Personal information
- Native name: Seán Ó Mangáin (Irish)
- Born: 6 May 1927 Tuam, County Galway, Ireland
- Died: 17 September 2013 (aged 86) Wolverhampton, England
- Occupation: Salesman
- Height: 5 ft 11 in (180 cm)

Sport
- Sport: Gaelic football
- Position: Goalkeeper

Clubs
- Years: Club
- Tuam Stars Ballymun Kickhams

Inter-county
- Years: County
- 1948-1958: Galway

Inter-county titles
- Connacht titles: 4
- All-Irelands: 1
- NFL: 0

= Jack Mangan =

Irish Gaelic footballer

Jack Mangan (6 May 1927 – 17 September 2013) was an Irish former Gaelic footballer who played as a goalkeeper for the Galway senior team.

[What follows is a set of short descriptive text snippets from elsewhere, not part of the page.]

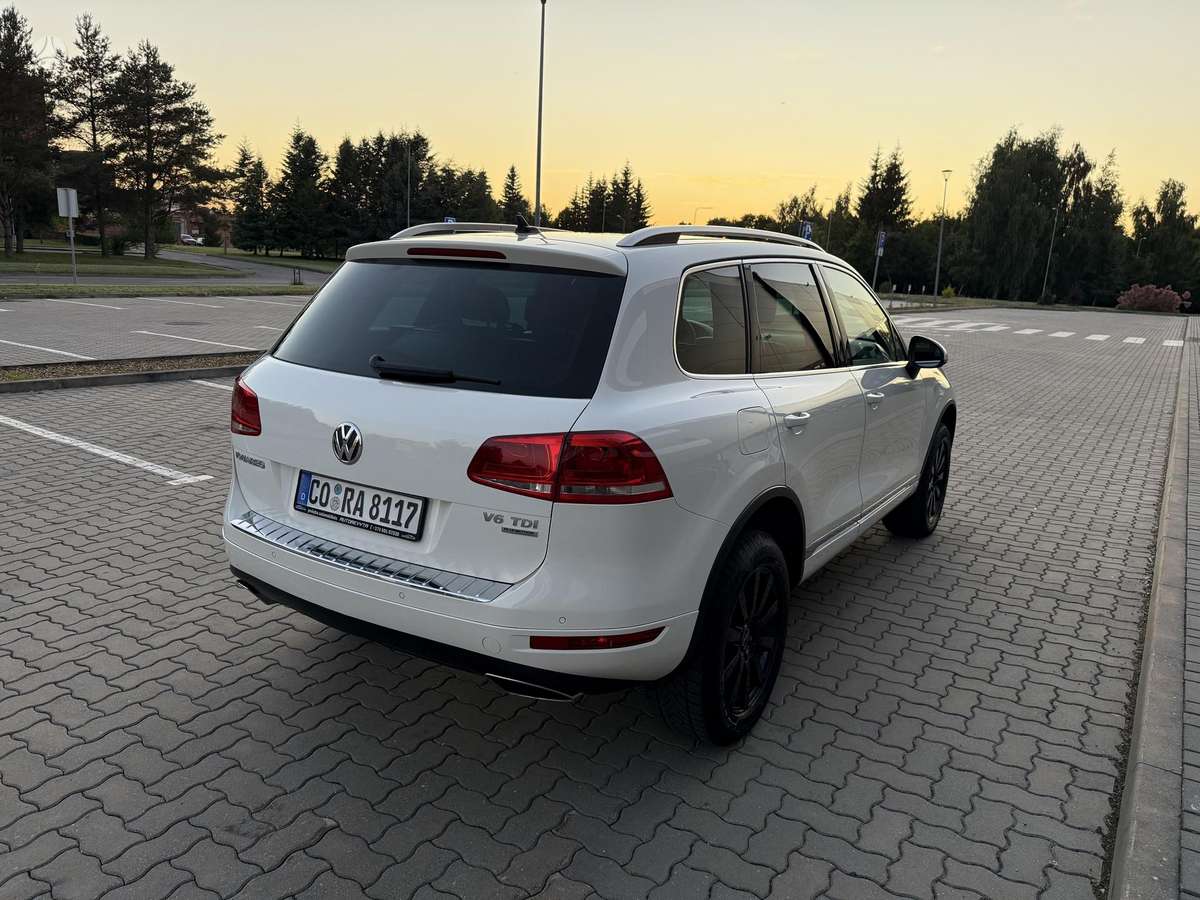 Volkswagen Touareg - 11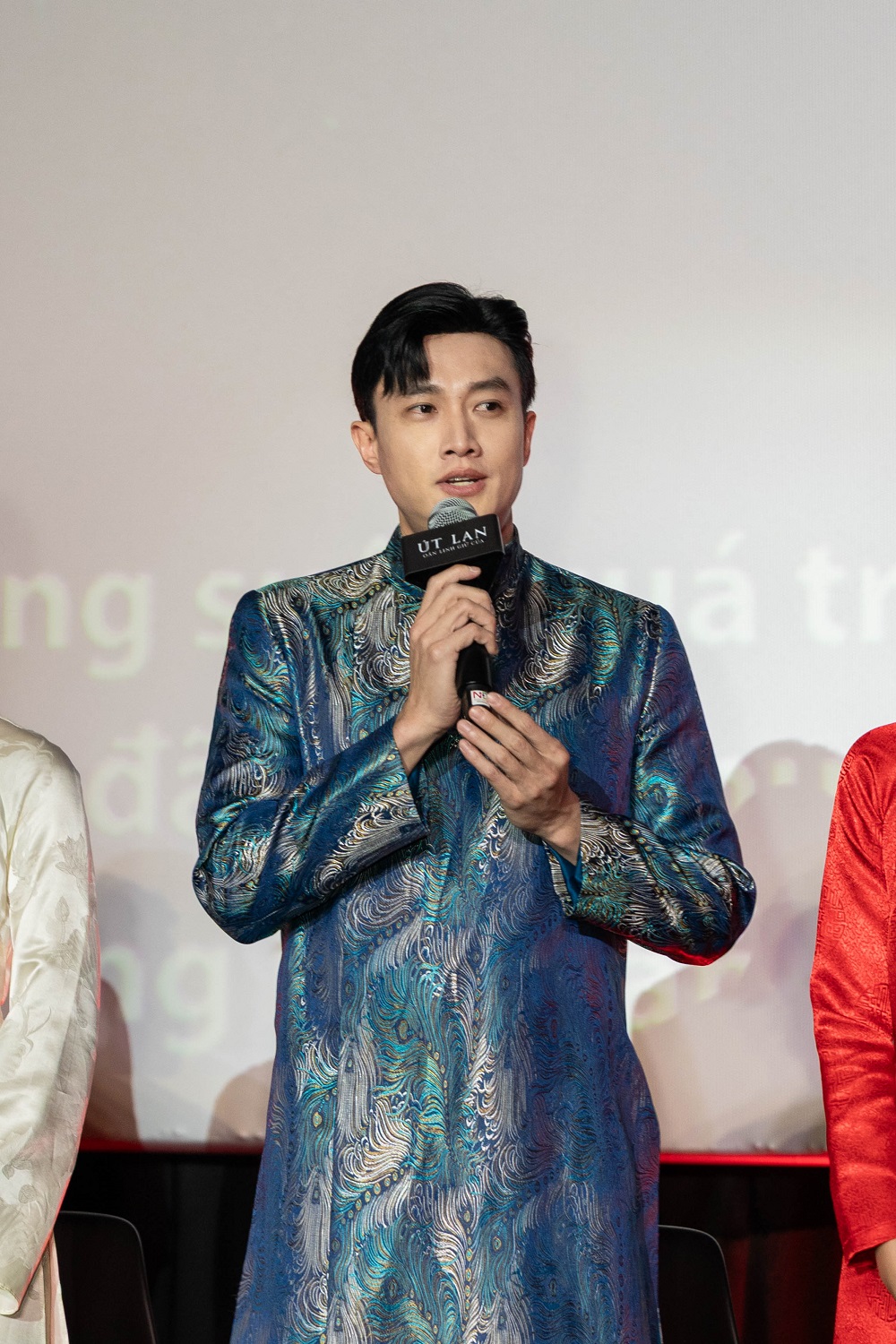 Quốc Trường: “Cô ấy như nhân vật xé truyện bước ra” - Ảnh 3. Quốc Trường: “Cô ấy như nhân vật xé truyện bước ra” - Ảnh 3.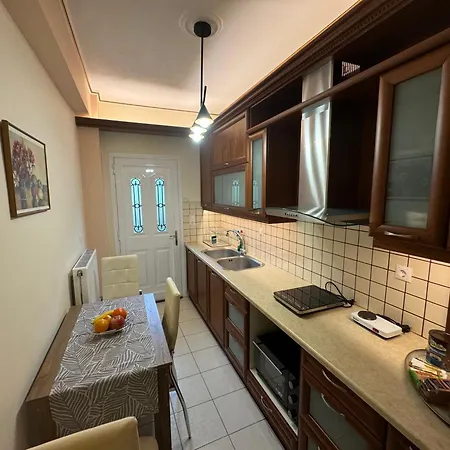 Petit House Under The Rocks Apartment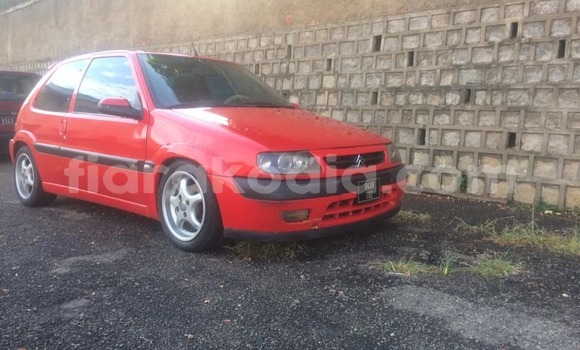 Hividy Citroen Saxo Red Car in Antananarivo in Analamanga Hividy Citroen Saxo Red Car in Antananarivo in Analamanga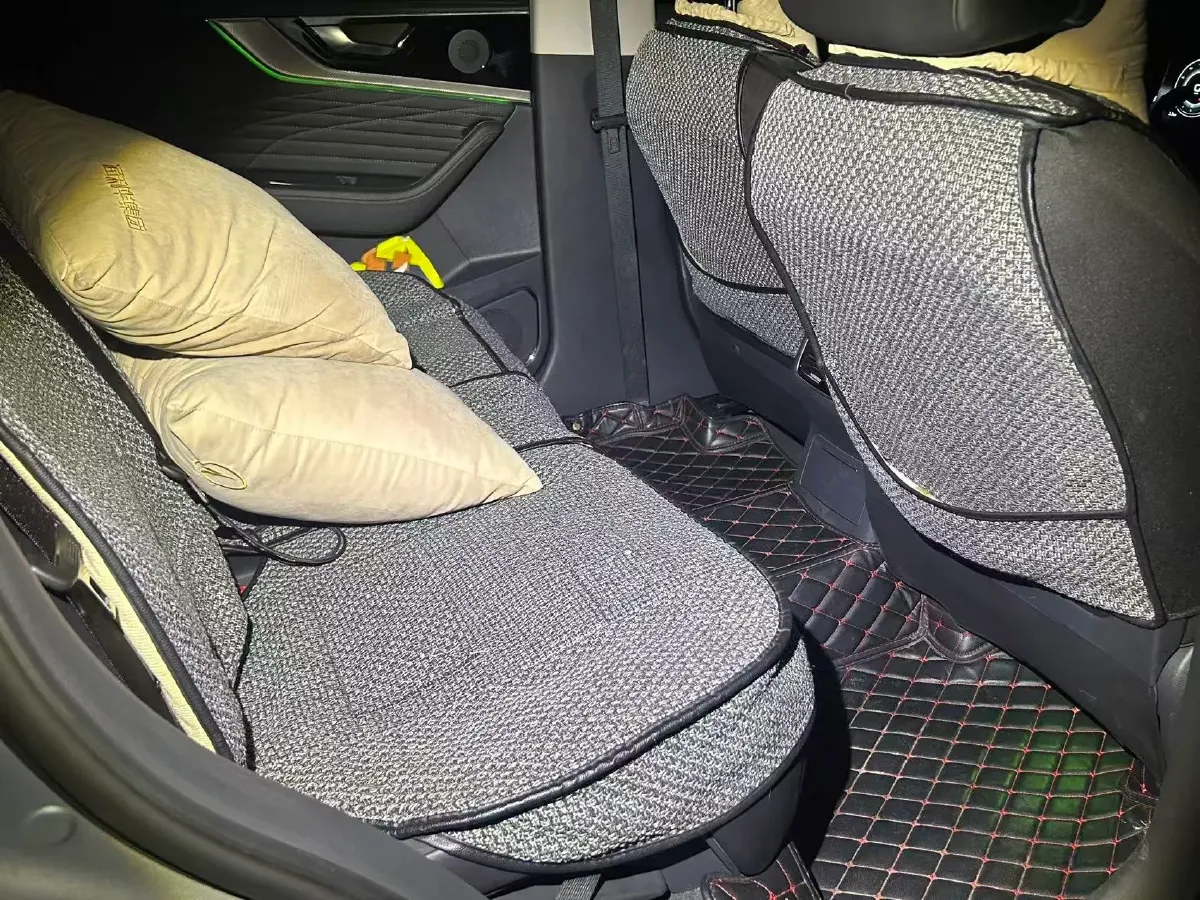 2022 HongQi HS5 2.0T 224HP L4 6AT,autocango,china used car exporter,china ev exporter,chinese used car exporter,chinese used ev exporter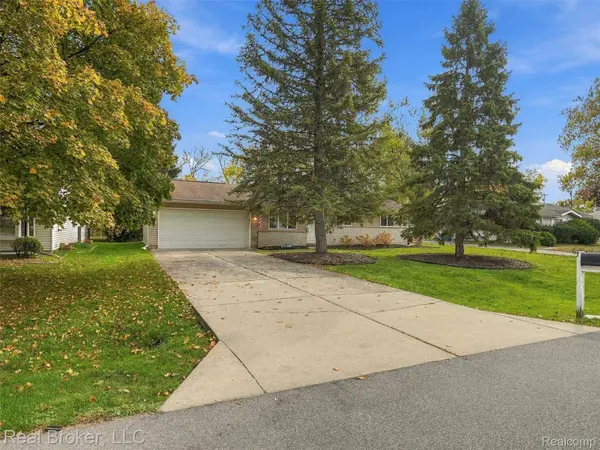 1708 Eastport DR, Troy, MI 48083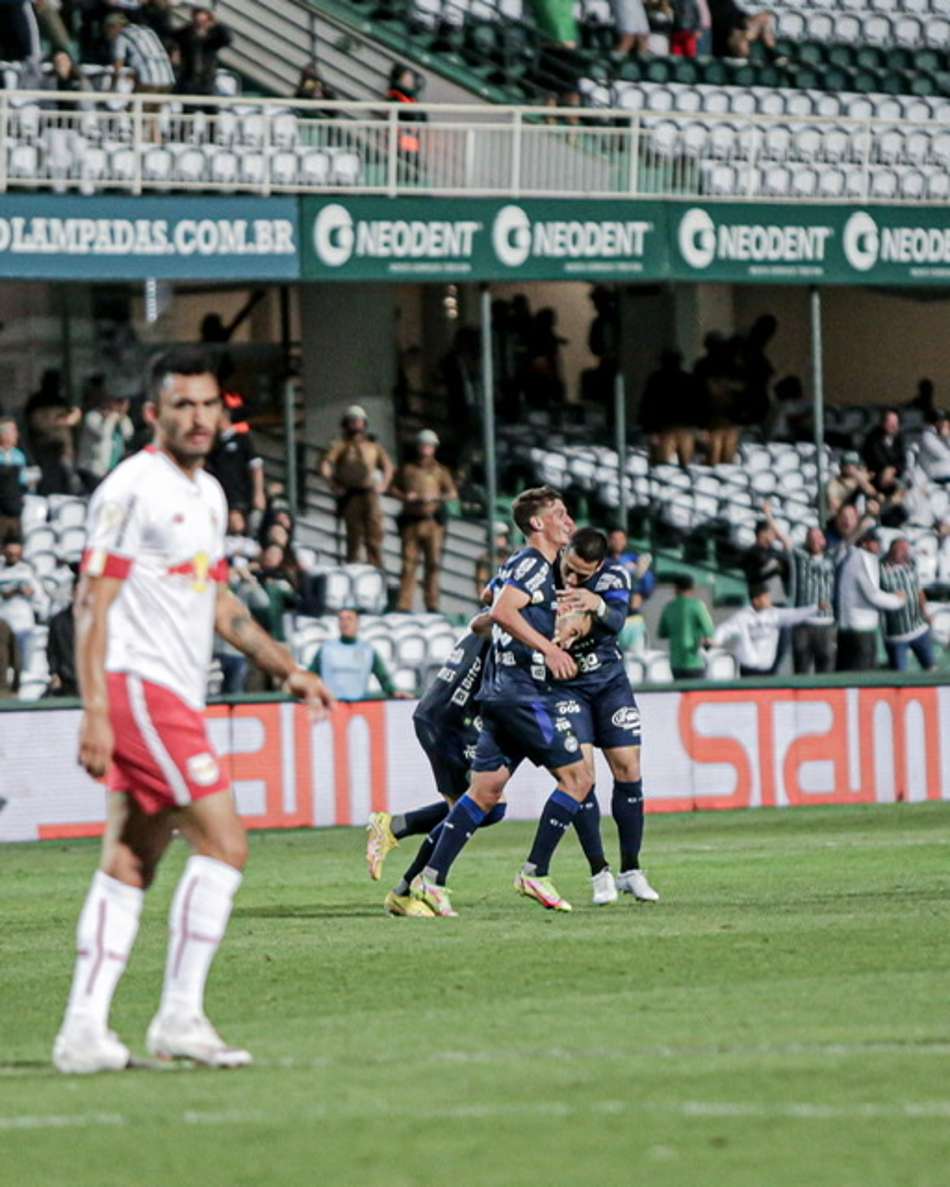 Coritiba vence Bragantino e se afasta do Z4 do Brasileiro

Mangan is regarded as one of Galway's greatest-ever goalkeepers. He made his debut for the team during the 1948 and was a regular member of the starting fifteen until his retirement due to injury a decade later. During that time he won one All-Ireland winners' medal and four Connacht winners' medals. In 1956 he captained the side to the All-Ireland title.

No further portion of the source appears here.